──────── Material shown ────────
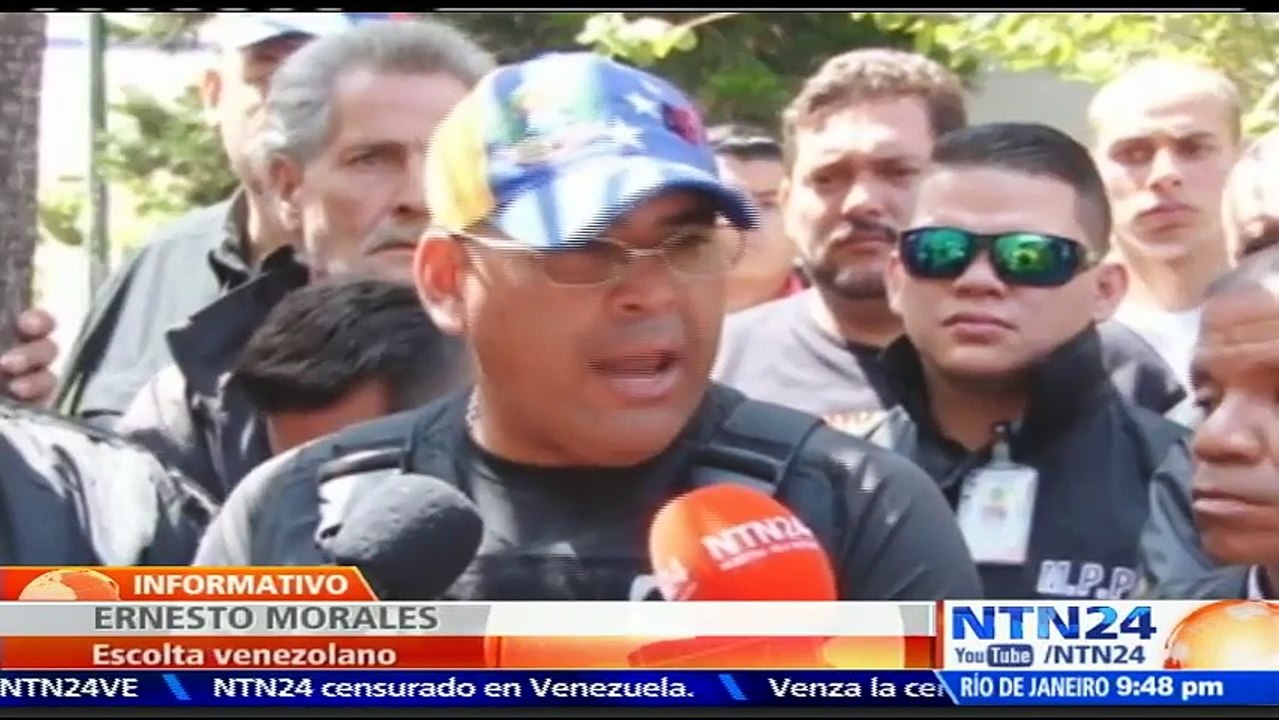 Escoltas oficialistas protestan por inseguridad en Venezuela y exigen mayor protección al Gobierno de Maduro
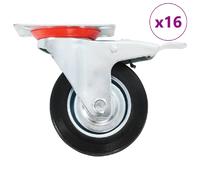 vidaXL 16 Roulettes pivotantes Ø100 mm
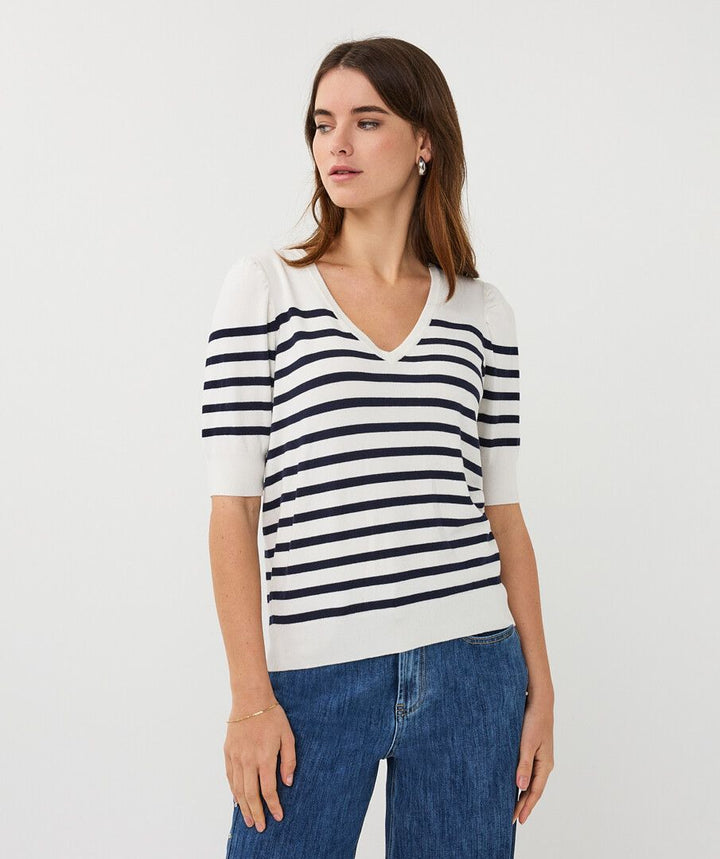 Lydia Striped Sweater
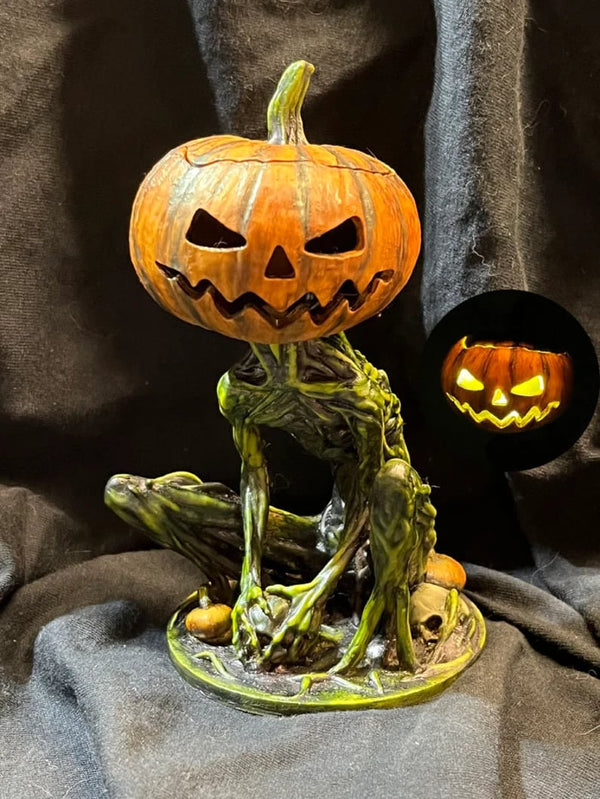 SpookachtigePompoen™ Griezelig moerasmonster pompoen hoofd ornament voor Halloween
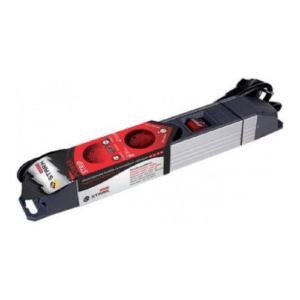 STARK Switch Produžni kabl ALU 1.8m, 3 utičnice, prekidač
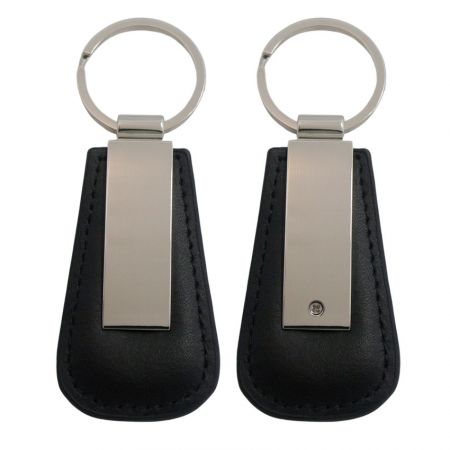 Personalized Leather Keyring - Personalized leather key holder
────────
──────── Material shown ────────
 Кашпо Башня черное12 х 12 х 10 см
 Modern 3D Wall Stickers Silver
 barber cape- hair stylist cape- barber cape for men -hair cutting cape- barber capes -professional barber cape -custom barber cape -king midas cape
────────
──────── Material shown ────────
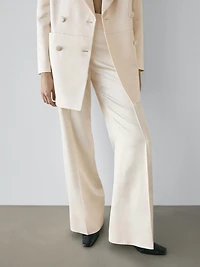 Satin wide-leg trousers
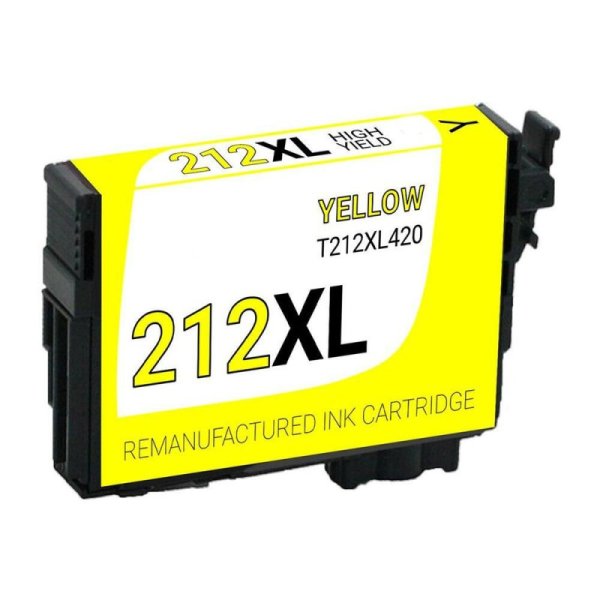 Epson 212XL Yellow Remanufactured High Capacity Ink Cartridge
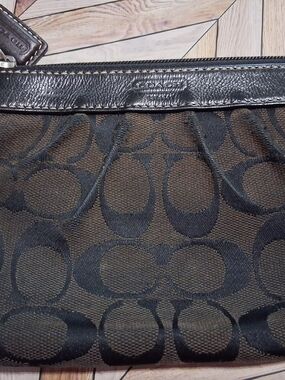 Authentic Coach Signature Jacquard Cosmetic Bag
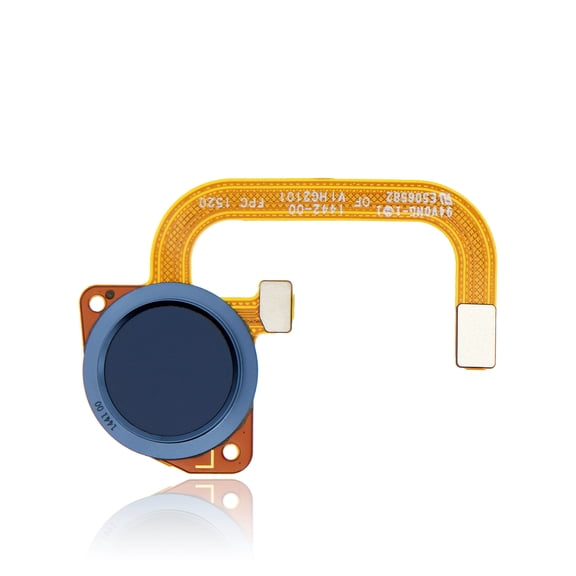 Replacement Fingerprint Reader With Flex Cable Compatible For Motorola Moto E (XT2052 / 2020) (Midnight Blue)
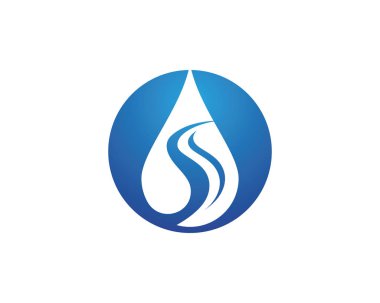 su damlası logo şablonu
────────
» **What you are asked to do**: Drop the pictures; return the lines above from the line containing "SpookachtigePompoen™ Griezelig moerasmonster" to the line containing "Personalized Leather Keyring", both included, exactly.

» **Exercise response**:
 SpookachtigePompoen™ Griezelig moerasmonster pompoen hoofd ornament voor Halloween
 STARK Switch Produžni kabl ALU 1.8m, 3 utičnice, prekidač
 Personalized Leather Keyring - Personalized leather key holder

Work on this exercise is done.